▸ Requirement: Which lines mention "Modern"? Show each one from the listing.

▸ Records for processing:
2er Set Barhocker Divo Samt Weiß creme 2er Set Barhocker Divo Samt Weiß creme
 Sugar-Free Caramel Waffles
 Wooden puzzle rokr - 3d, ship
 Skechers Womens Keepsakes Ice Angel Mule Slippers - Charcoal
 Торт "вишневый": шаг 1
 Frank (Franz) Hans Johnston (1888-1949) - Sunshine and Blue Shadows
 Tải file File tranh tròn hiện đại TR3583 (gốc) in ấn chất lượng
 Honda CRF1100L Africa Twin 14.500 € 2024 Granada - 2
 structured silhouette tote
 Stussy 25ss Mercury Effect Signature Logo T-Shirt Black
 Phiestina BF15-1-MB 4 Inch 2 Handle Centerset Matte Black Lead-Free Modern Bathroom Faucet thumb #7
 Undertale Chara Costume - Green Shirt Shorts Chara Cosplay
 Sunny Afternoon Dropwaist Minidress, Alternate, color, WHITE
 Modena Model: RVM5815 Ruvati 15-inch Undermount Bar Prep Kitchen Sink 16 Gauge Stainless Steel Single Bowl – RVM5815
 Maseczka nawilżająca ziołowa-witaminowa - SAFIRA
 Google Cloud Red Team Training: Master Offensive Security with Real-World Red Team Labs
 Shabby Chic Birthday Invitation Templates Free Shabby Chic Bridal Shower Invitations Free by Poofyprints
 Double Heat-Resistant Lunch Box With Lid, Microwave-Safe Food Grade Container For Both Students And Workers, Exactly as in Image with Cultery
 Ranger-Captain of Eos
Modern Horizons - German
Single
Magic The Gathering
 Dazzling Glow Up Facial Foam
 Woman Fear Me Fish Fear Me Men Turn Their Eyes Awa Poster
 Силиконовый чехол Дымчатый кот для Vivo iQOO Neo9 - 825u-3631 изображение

▸ Response to the task:
 Phiestina BF15-1-MB 4 Inch 2 Handle Centerset Matte Black Lead-Free Modern Bathroom Faucet thumb #7
Modern Horizons - German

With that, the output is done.